Now, we will take a short look at how the file descriptors you've just learnt about are handled in libc. The Software Stack chapter has taught us that applications generally interact with libraries which expose wrappers on top of syscalls. The most important library in a POSIX system (such as Linux) is libc. Among many others, it provides higher-level abstractions over I/O-related syscalls.

Musl (read just like "muscle") is a lightweight implementation of libc, which exposes the same API that you have used so far, while also being fit for embedded and OS development. For example, Unikraft unikernels may use musl.

First, it provides a struct that groups together multiple data that is necessary when handling files. We know from the example in support/simple-file-operations/file_operations.c that the file handler employed by libc is FILE *. FILE is just a typedef for struct _IO_FILE. Here are the most important fields in struct _IO_FILE:

struct _IO_FILE {
int fd; /* File descriptor */

unsigned flags; /* Flags with which `open()` was called */

int mode; /* File permissions; passed to `open()` */

off_t off; /* File offset from where to read / write */

/**
* Internal buffer used to make fewer costly `read()`/`write()`
* syscalls.
*/
unsigned char *buf;
size_t buf_size;

/* Pointers for reading and writing from/to the buffer defined above. */
unsigned char *rpos, *rend;
unsigned char *wend, *wpos;

/* Function pointers to syscall wrappers. */
size_t (*read)(FILE *, unsigned char *, size_t);
size_t (*write)(FILE *, const unsigned char *, size_t);
off_t (*seek)(FILE *, off_t, int);
int (*close)(FILE *);

/* Lock for concurrent file access. */
volatile int lock;
};

As you might have imagined, this structure contains the underlying file descriptor, the mode (read, write, truncate etc.) with which the file was opened, as well as the offset within the file from which the next read / write will start.

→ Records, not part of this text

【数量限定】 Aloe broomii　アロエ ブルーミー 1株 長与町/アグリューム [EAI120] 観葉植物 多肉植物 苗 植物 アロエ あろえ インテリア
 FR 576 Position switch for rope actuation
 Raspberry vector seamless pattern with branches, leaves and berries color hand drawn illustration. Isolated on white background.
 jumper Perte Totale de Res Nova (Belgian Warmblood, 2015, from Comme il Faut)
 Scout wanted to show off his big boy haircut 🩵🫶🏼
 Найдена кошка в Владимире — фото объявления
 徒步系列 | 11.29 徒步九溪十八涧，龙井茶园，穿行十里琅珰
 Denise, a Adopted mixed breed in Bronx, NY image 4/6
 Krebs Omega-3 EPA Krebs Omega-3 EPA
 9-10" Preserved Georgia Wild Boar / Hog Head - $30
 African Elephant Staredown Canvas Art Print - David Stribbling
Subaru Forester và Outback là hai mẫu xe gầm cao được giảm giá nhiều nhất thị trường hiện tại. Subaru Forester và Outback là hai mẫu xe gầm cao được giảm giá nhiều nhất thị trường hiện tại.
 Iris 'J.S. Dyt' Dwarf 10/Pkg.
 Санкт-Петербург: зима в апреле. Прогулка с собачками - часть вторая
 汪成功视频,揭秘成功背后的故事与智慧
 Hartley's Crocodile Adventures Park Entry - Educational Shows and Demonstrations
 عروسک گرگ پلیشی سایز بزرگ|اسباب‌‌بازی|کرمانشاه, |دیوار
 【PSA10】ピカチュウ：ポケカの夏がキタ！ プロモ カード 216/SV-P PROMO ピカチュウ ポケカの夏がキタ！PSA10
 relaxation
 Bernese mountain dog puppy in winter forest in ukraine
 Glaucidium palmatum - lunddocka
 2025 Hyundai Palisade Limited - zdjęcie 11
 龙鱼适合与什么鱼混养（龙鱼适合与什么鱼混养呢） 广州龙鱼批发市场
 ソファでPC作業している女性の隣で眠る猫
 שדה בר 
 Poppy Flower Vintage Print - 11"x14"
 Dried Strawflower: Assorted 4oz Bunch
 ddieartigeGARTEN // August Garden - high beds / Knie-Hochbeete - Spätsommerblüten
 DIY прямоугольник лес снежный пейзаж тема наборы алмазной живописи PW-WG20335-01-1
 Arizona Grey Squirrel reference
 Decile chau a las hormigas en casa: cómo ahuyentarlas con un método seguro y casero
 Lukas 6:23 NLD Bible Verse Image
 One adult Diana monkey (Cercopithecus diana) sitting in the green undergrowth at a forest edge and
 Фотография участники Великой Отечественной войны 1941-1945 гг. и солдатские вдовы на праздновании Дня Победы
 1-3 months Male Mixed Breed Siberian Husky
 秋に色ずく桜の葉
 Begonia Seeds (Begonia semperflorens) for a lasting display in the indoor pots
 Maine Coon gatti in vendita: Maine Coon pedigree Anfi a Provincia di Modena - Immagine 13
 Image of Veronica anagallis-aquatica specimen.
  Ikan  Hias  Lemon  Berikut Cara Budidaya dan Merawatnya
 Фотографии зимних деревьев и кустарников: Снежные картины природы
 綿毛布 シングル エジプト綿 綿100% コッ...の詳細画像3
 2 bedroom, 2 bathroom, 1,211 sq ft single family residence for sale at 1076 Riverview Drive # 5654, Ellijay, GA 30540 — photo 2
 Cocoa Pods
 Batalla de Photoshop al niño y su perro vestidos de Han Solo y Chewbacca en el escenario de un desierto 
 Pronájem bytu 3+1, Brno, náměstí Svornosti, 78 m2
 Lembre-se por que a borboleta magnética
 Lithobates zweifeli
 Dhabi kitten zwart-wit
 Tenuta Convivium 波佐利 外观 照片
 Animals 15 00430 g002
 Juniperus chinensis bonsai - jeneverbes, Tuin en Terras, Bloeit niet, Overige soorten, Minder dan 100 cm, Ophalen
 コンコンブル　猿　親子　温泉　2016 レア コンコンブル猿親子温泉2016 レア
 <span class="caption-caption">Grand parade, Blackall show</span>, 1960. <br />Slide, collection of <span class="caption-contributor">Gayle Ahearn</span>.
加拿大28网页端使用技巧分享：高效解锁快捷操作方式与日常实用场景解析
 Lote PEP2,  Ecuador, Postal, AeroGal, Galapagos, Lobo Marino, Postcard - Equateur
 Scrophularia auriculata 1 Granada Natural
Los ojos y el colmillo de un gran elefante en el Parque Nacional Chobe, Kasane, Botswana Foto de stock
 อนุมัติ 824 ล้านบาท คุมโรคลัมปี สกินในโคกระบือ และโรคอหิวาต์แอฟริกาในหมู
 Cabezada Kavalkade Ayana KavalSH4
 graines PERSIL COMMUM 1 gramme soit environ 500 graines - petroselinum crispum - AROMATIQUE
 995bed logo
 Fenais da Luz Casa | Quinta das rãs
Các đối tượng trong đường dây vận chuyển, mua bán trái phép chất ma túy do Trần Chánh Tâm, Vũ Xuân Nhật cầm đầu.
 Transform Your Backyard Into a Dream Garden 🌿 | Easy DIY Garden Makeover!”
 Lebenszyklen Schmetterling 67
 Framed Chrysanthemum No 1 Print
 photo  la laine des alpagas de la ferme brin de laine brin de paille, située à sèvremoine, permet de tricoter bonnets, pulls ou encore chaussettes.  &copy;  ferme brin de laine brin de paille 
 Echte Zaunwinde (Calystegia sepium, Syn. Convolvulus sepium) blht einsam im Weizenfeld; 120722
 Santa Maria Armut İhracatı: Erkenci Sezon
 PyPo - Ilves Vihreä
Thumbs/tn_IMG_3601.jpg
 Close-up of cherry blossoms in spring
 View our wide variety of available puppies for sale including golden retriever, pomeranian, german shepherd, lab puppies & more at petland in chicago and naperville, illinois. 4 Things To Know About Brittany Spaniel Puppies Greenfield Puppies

Libc also defines its own wrappers over commonly-used syscalls, such as read(), write(), close() and lseek(). These syscalls themselves need to be implemented by the driver for each file system. This is done by writing the required functions for each syscall and then populating this structure with pointers to them. You will recognise quite a few syscalls: open(), close() read(), write(), mmap() etc.

IO Optimisations

You saw this hierarchy during the Data lecture:

Memory Hierarchy

It says that while the disk can store lots of data, it does so at the cost of speed. When we say speed, we mean the rate at which we can read/write data from/to the disk, i.e. the maximum number of bytes transferred per unit of time. This means that read() and write() syscalls (or their various corresponding library calls) are slow and cause performance bottlenecks. More often than not, it is the I/O component that drags down the performance of an otherwise fast application. And what's worse, the further the "destination" of the I/O operation (file on the disk or host on the Web) is, the more time it takes to transfer data to and from it.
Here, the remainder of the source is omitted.